Best intentions? What were others saying?
My gaze shot to my mother to determine her reaction. Whether the woman’s remarks affected her in some way, I was unable to discern. A glance from her in response told me I was to imitate her and not disclose either concern for her repu
tation or demand for further information.
Following that brief direction to me, she shifted back on her heels and made ready to rise. “Shall we help you to your bed, Mr. Harvingsham?”
The man glanced about himself again, obviously still slightly confused. “Bed? But…but my patients.”
“I’m certain your nurse can direct them to Dr. Farnsworth or the apothecary for the day.”
Another round of glances to those around him before he nodded and allowed us to help him to his feet. Mrs. Harvingsham called to several of the servants, and they assisted him to navigate the stairs to his room.

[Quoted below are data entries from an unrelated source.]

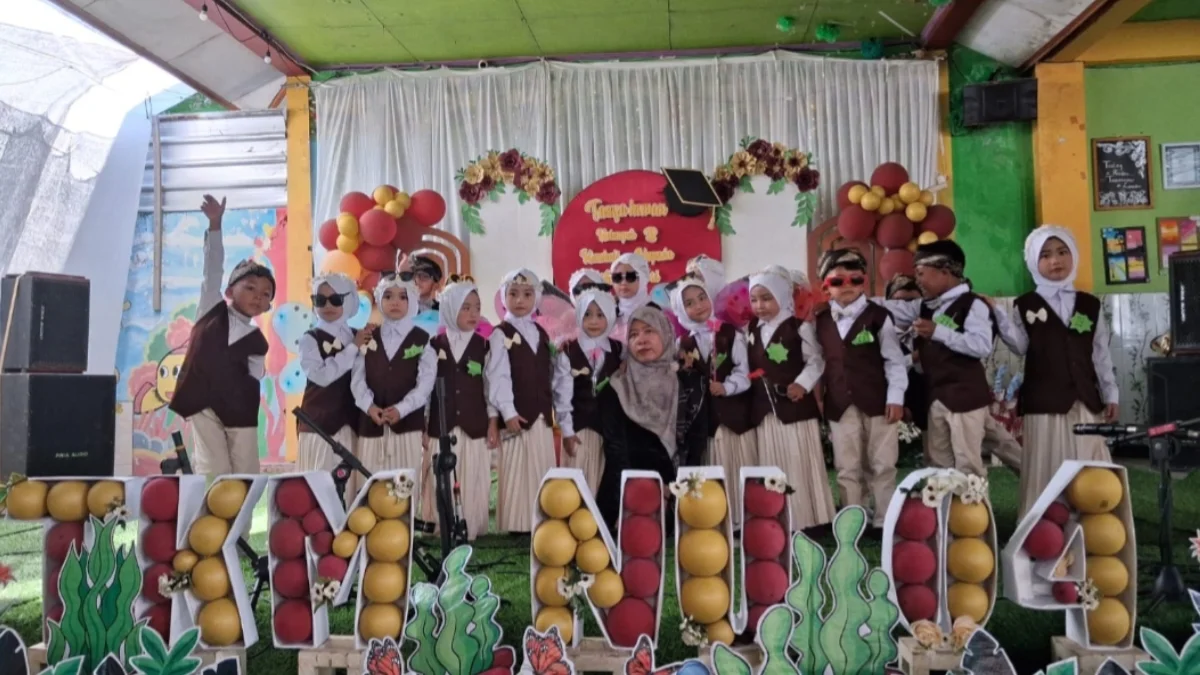 Siswa TK Muslimat NU 04 Bangilan tampil percaya diri pada acara tasyakuran dan pelepasan Kelompok B tahun 2026.
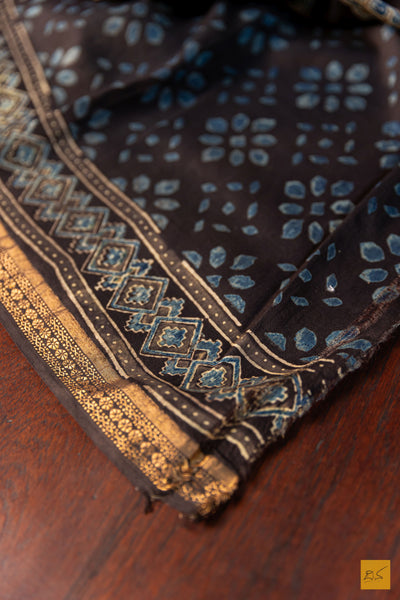 Nikethana- Black Maheshwari Silk Cotton Ajrakh Print Handwoven Saree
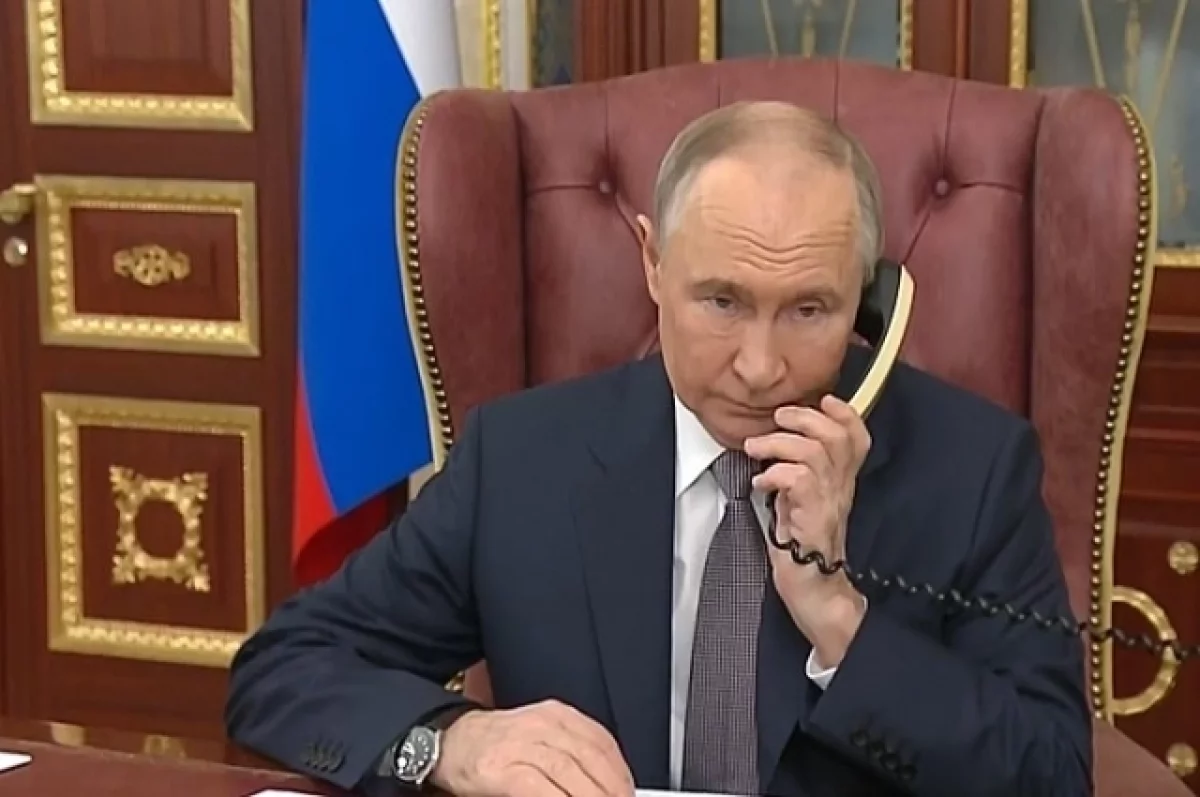 Путин провел телефонный разговор с лидером Ирана Пезешкианом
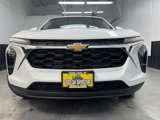 Used 2025 Chevrolet Trax LS w/ LS Convenience Package image 2
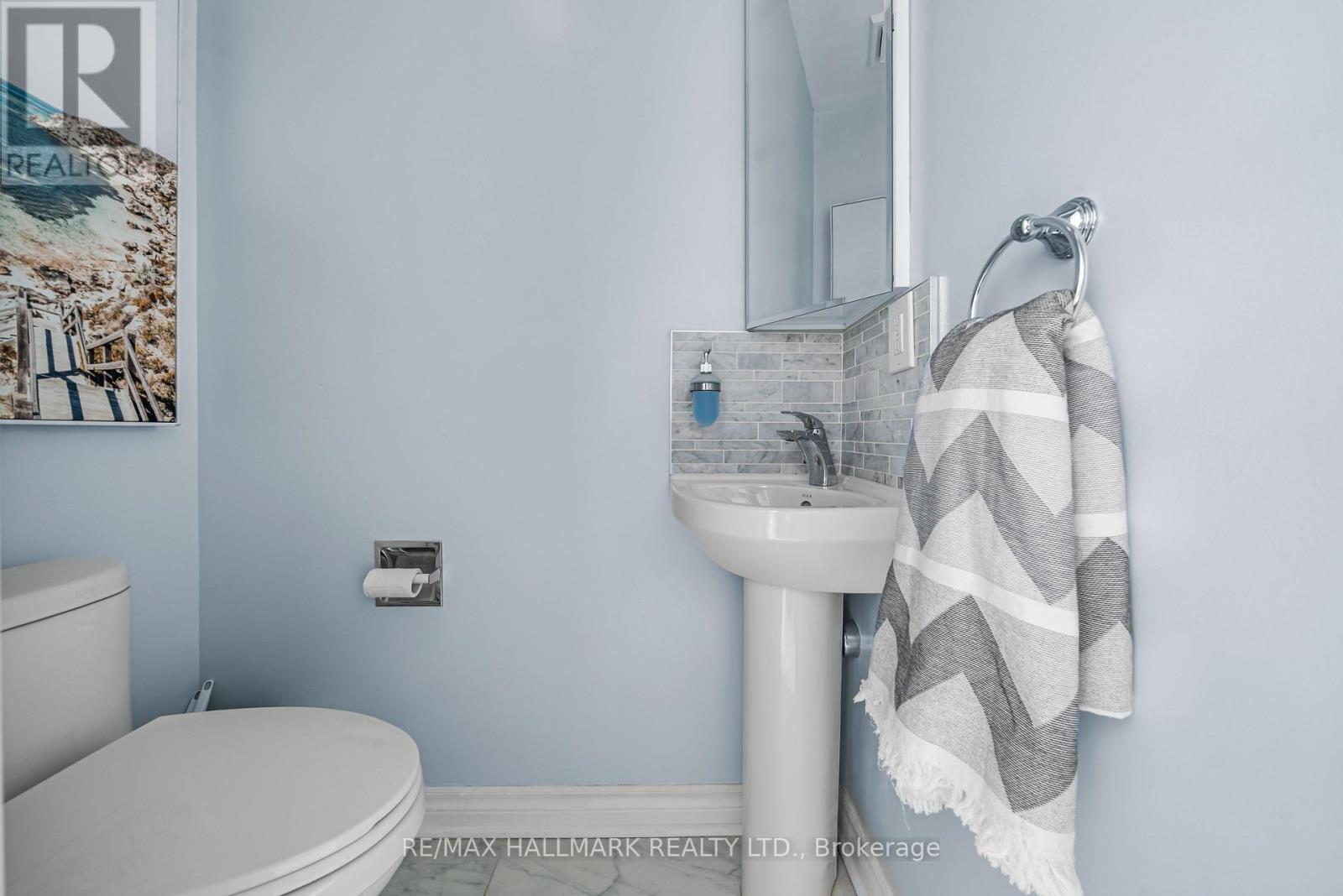 64 Sylvan Valley Way, Toronto, Ontario  M5M 4M3 - Photo 17 - C12821016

When they had gone, the man with the broken hand asked, “What about poor Charlie? Should I take him home in my wagon?”
“I’ll get word to the undertaker. He’ll come for th—him,” the nurse said. “I’ll set your fingers. I’ve helped Mr. Harvingsham enough to do it myself.”
She seemed familiar with the process of death, and I wondered how often they had made just such arrangements. The man studied her for a moment and nodded.
Now alone, the nurse studied both of us for a moment and asked, “Which one of you was here for the surgeon?”
“Sherlock,” Mother said without hesitation. “But I believe the excitement has resolved the issue.”
“Yes,” I said, seeking to sound quite chipper. “I’m feeling ever so much better.”
The woman glanced back at the table. Charlie, the deceased workman, still lay covered on the table. While I had attended funerals and seen corpses in coffin in their final repose, never had I been in the room when someone died or seen one so recently expired. The motionlessness of the man struck me. No movement of the sheet to indicate breathing. As my curiosity gave way to the realization of the finality of this man’s life, my stomach churned enough that I feared it might betray my earlier assertion that I had recovered.